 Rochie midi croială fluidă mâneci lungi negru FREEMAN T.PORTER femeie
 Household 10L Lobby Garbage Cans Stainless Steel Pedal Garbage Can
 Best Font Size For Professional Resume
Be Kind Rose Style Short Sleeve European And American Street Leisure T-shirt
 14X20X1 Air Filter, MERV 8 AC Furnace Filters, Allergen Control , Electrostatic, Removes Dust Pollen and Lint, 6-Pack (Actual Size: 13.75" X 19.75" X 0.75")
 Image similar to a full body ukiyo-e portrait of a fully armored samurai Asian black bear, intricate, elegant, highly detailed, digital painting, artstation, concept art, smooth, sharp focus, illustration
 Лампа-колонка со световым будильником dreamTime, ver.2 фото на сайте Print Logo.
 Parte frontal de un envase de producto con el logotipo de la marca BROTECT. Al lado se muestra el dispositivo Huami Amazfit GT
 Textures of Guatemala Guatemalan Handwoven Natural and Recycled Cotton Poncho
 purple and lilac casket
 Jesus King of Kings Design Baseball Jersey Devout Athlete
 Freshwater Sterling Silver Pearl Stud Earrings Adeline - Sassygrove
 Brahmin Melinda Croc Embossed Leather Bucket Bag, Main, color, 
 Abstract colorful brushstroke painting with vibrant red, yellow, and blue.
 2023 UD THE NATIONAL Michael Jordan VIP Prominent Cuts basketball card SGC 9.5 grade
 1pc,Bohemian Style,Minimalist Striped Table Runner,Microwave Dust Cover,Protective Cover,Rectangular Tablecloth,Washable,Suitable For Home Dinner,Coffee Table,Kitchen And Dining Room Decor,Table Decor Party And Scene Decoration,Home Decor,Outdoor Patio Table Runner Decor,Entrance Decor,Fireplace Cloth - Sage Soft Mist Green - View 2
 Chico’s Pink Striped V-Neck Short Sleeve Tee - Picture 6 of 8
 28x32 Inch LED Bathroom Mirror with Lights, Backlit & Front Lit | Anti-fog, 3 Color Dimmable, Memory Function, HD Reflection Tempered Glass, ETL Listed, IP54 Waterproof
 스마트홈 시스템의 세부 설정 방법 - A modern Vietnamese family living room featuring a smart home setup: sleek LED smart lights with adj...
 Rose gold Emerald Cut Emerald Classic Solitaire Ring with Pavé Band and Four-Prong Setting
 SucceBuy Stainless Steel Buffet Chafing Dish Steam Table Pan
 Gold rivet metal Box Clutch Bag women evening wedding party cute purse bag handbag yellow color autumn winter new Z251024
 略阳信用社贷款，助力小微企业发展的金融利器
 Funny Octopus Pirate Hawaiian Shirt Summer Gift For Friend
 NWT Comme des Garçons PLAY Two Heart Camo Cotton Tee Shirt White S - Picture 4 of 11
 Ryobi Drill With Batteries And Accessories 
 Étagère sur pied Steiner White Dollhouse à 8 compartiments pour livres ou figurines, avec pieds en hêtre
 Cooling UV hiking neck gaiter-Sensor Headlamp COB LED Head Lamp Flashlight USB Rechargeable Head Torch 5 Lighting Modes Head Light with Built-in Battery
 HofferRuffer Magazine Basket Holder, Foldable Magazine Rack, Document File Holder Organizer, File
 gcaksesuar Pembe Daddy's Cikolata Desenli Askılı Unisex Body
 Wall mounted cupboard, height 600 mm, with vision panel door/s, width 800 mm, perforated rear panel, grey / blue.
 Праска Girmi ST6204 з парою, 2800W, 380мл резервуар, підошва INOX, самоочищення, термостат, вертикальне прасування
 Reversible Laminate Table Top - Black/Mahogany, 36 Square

========

## Requirement
Every line above that carries the string "Sleeve" should be copied.

## Written solution
Be Kind Rose Style Short Sleeve European And American Street Leisure T-shirt
 Chico’s Pink Striped V-Neck Short Sleeve Tee - Picture 6 of 8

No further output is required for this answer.